Provided information Start Marker

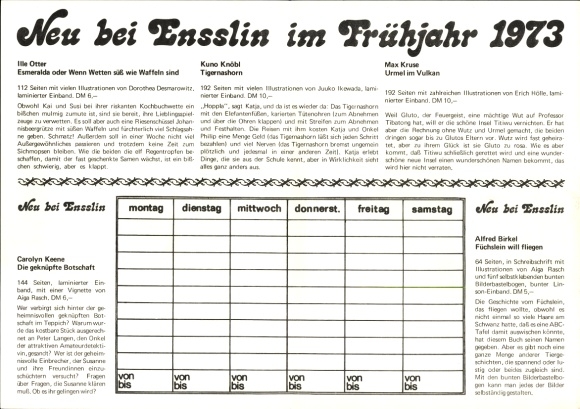 Timetable Ensslin Verlag, books new in spring 1973, &quot;tz&quot; pocket newspaper
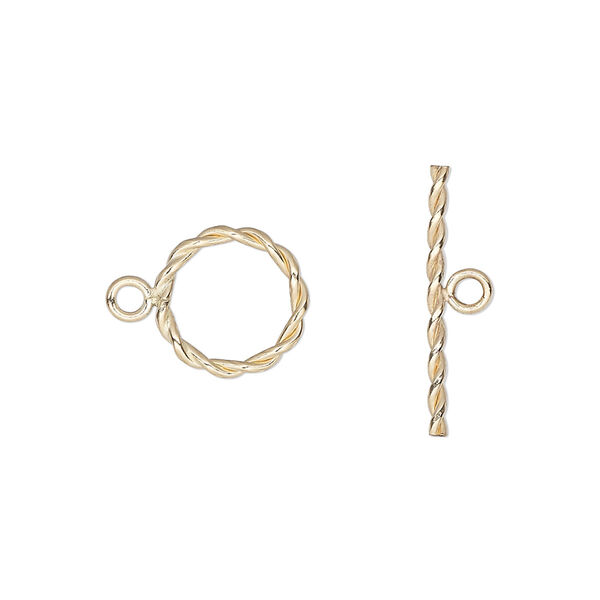 Clasp, toggle, 12Kt gold-filled, 11mm fancy round. Sold individually. image number 0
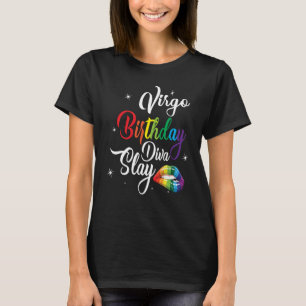 Virgo September August Girl Lip Print Birthday Div T-Shirt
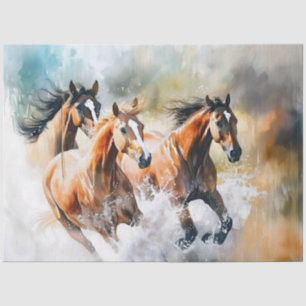 Waterverf Paarden rennen Decoupage Tissuepapier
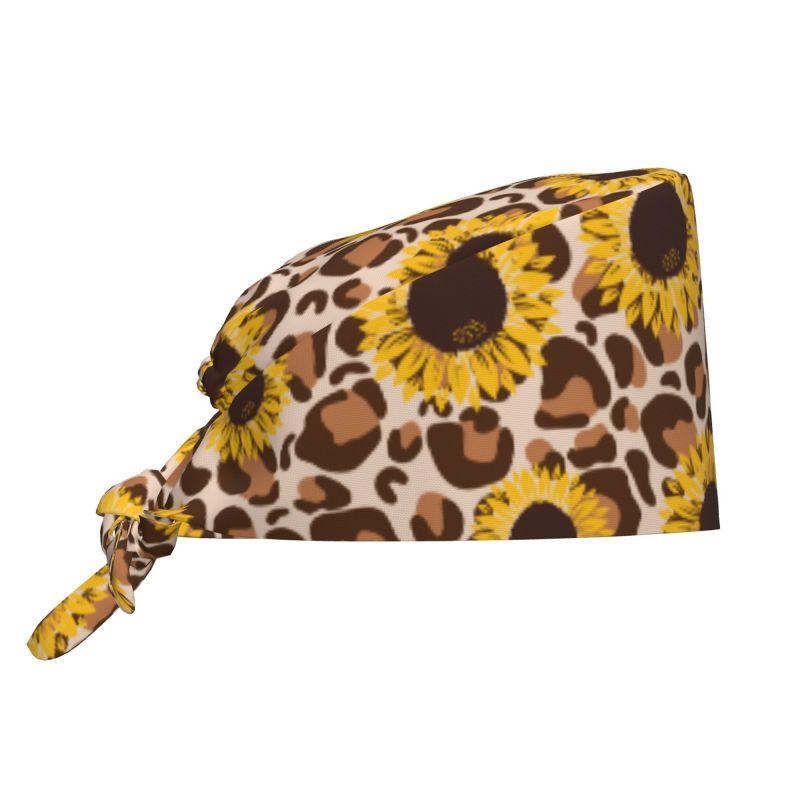 

Sunflower Leopard Working Cleaning Cap with Adjustable Sweatband Women Tie Back Hat Breathable Headgear Nurse Surgical Caps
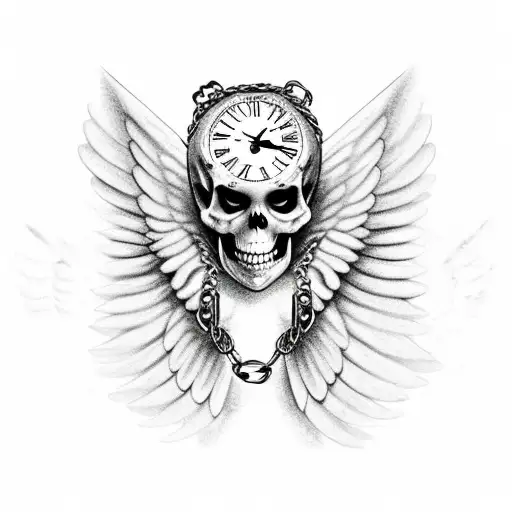 angel wing with skeleton hand wrapped in chains holding hourglass tattoo design idea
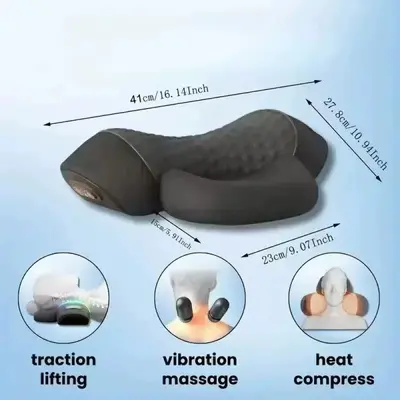 Cervical pillow with heating and massage function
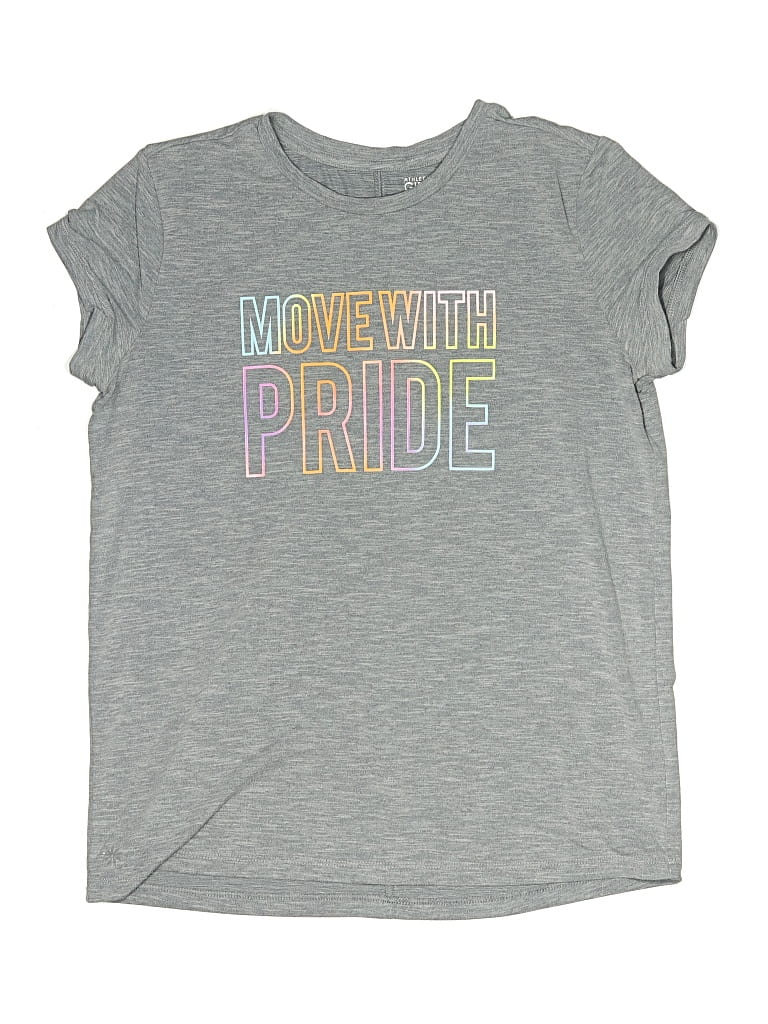 Pre-owned Athleta Girl Kids' Short Sleeve T-shirt In Gray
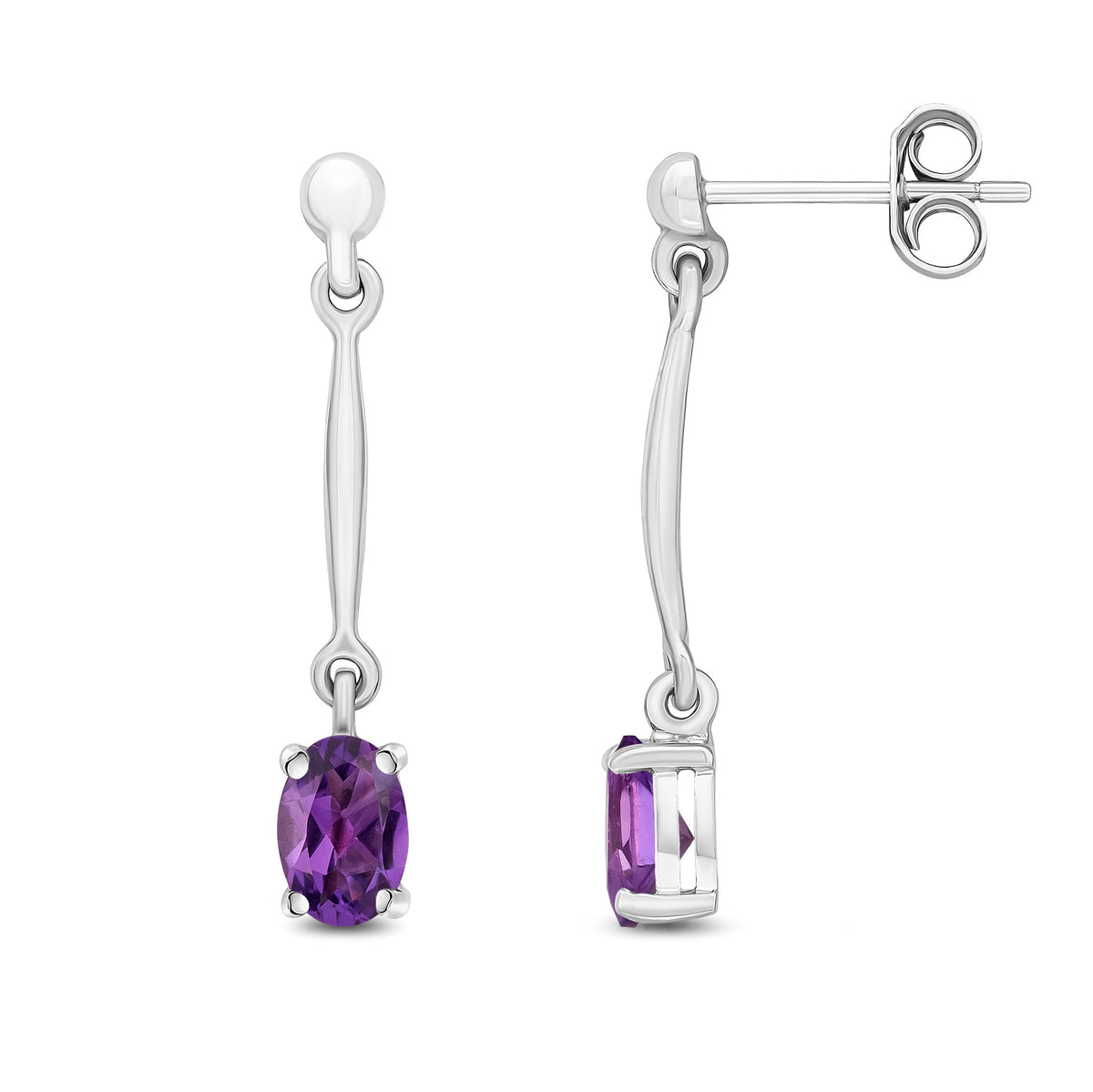 9ct White Gold Oval Natural Amethyst Claw Bar Drop Earrings — 6x4mm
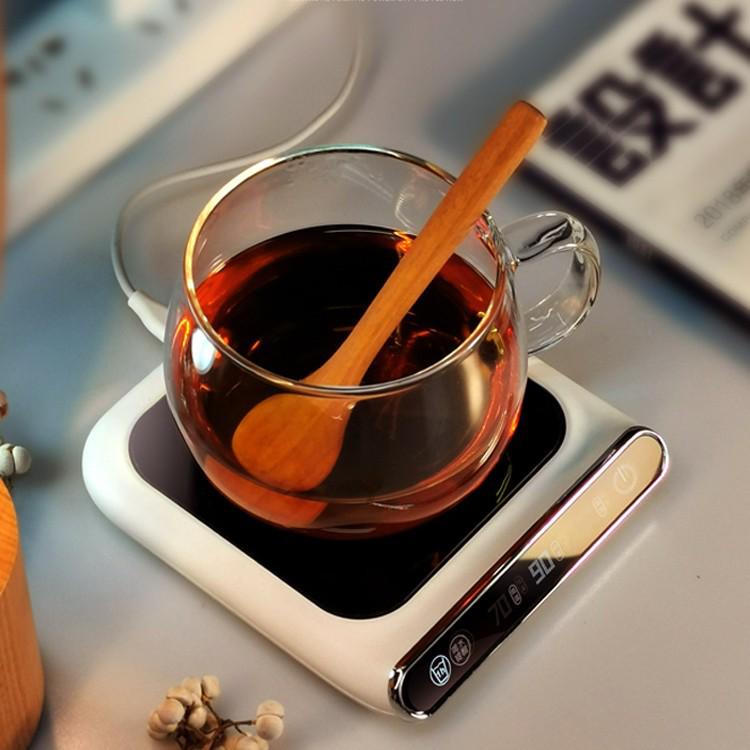 USB Smart 55°C Three-Level Heating Coaster with Auto Power-Off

Provided information End Marker

**Task details**
Print the data again, word for word, without any pictures.

**Result**
 Timetable Ensslin Verlag, books new in spring 1973, &quot;tz&quot; pocket newspaper
 Clasp, toggle, 12Kt gold-filled, 11mm fancy round. Sold individually. image number 0
 Virgo September August Girl Lip Print Birthday Div T-Shirt
 Waterverf Paarden rennen Decoupage Tissuepapier

Sunflower Leopard Working Cleaning Cap with Adjustable Sweatband Women Tie Back Hat Breathable Headgear Nurse Surgical Caps
 angel wing with skeleton hand wrapped in chains holding hourglass tattoo design idea
 Cervical pillow with heating and massage function
 Pre-owned Athleta Girl Kids' Short Sleeve T-shirt In Gray
 9ct White Gold Oval Natural Amethyst Claw Bar Drop Earrings — 6x4mm
 USB Smart 55°C Three-Level Heating Coaster with Auto Power-Off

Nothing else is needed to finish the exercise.